Dances with Memories, TOS: S3E3 “The Paradise Syndrome”

Captain Kirk falls in love with a Native American woman in this possibly questionable episode. However, aside from a few unflattering stereotypes, the story is not bad, and it was reasonably well received by audiences. The 60s were a thing, and Kirk embraces his inner flower child in a beautiful wilderness setting. For a character who typically womanizes every new alien of the week, this relationship was a little more well developed and thoughtful.

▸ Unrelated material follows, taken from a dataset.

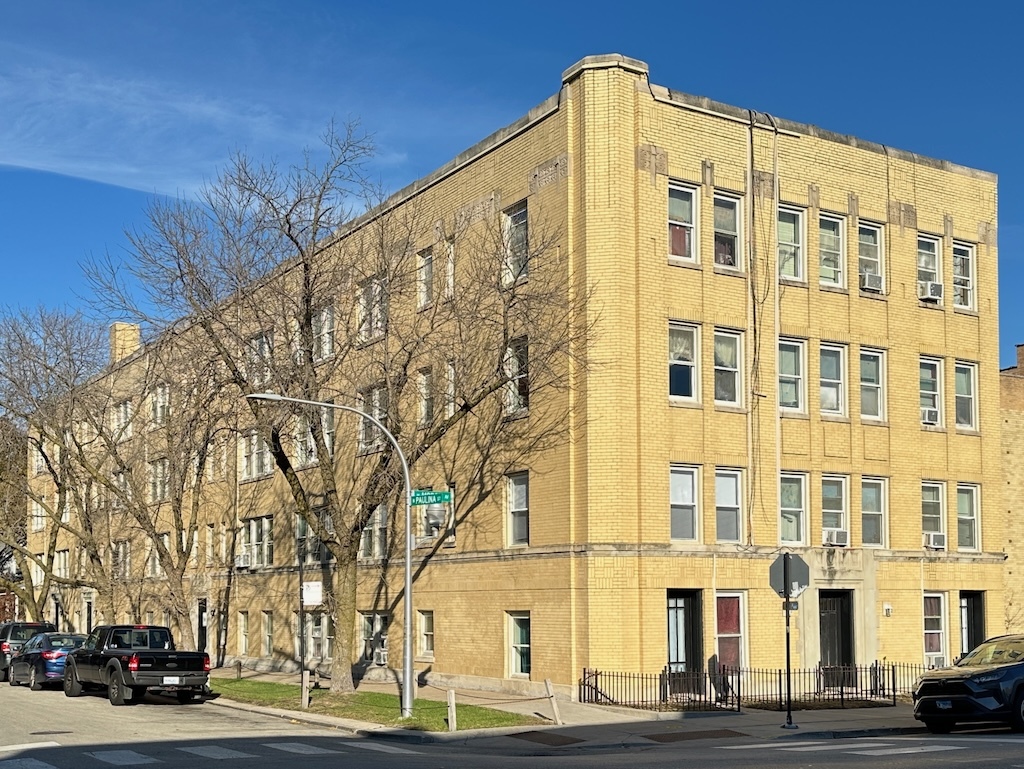 a view of a building with a street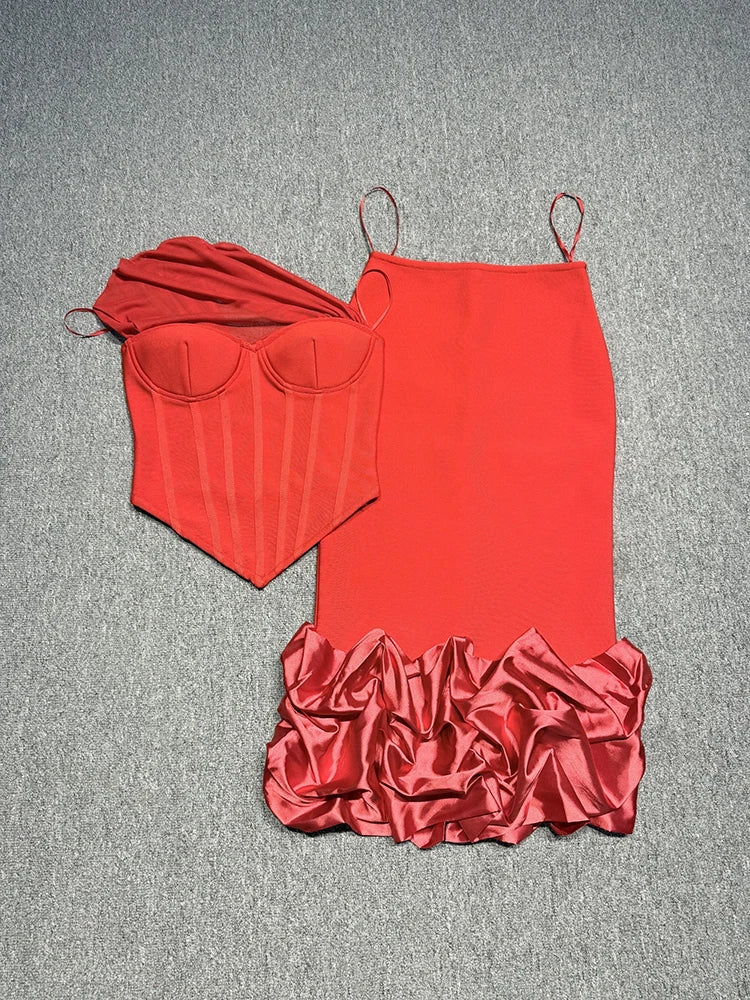 Red satin dress with ruffled hem on a gray background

Kirk, Spock, and McCoy beam down to an Earth-like planet to save it from an asteroid. Why the planet is so Earth-like is not explained, which is one of the episode’s most glaring flaws, but it is innocuous enough to ignore. I suspect it had to do with budget. Either way, the three space explorers find a more expensive looking obelisk. The team is distracted by the society who built this monument, descended from Earth’s own Native American tribes, and Kirk is zapped by a mysterious beam after falling into the obelisk. Unable to locate their comrade, Spock and McCoy are forced to return to the ship to tackle the asteroid issue, but Kirk emerges from the tribe’s temple and is mistaken for a god.

The shock to Kirk’s brain gave him a strong case of plot contrivance amnesia, in which the character remembers and forgets exactly what is necessary for the plot. All memory of who he is and how he got there is conveniently missing, but how to perform mouth to mouth resuscitation or the concept of a temple are important enough for the narrative. Pseudo-amnesia aside, the story of aliens sharing their advanced technology with a more primitive people is reminiscent of the cargo cult phenomenon.

Cargo cults are a belief system which forms when an indigenous tribe valuing material wealth comes into contact with a colonial or foreign people who possess and distribute a seemingly unending supply of material goods. The tribe reveres the foreign visitors as superior beings, often enacting rituals and religious practices to call upon the deities and receive more cargo. One of the more well-known examples of these occurred in the Pacific islands during World War II. Many of the indigenous islanders had never seen foreigners before, and vast amounts of factory manufactured military equipment, food, and other supplies were being introduced to them for the first time.

It is understandable that these people would be astounded by the new technology. In the words of Arthor C. Clark, “Any sufficiently advanced technology is indistinguishable from magic.” With no explanation of how machine-made clothing and tools were possible, they would be seen as the work of the gods. When Captain Kirk resuscitated the drowned boy, it must have appeared as if a god was breathing life back into his body. The amnesia-riddled captain was then given a place of honor among the tribe and fell in love with the tribal priestess.

It’s easy to feel superior toward ignorant people if we have the knowledge that they lack. Arthor Clark’s observation works just as well in the reverse: any sufficiently understood magic is indistinguishable from science. If we are familiar with a technological or scientific concept, it would be nothing more to us than the mundane workings of a lawful universe. However, we can sometimes be just as quick to give incomprehensible phenomenon supernatural explanations.

Kirk and crew discover that the tribe was seeded on the planet by an unknown alien race who wanted to preserve rare lineages of humans. Ironically, the obelisk was an asteroid deflector, and its malfunction is what brought the Enterprise to the planet in the first place. It’s interesting that the Native American culture didn’t evolve on the new planet, even though they’ve been there for the same amount of time it took other Starfleet cultures to evolve to their present state. Perhaps the planet was so idyllic, there was no selection pressure compelling the people to invent new technology. They were content with keeping the secrets of their origins mysterious and holy. When aliens did visit, they were treated as the advanced beings they were. Even though the Enterprise crew were not the ‘aliens’ who seeded the tribes, the tribal belief was still technically correct.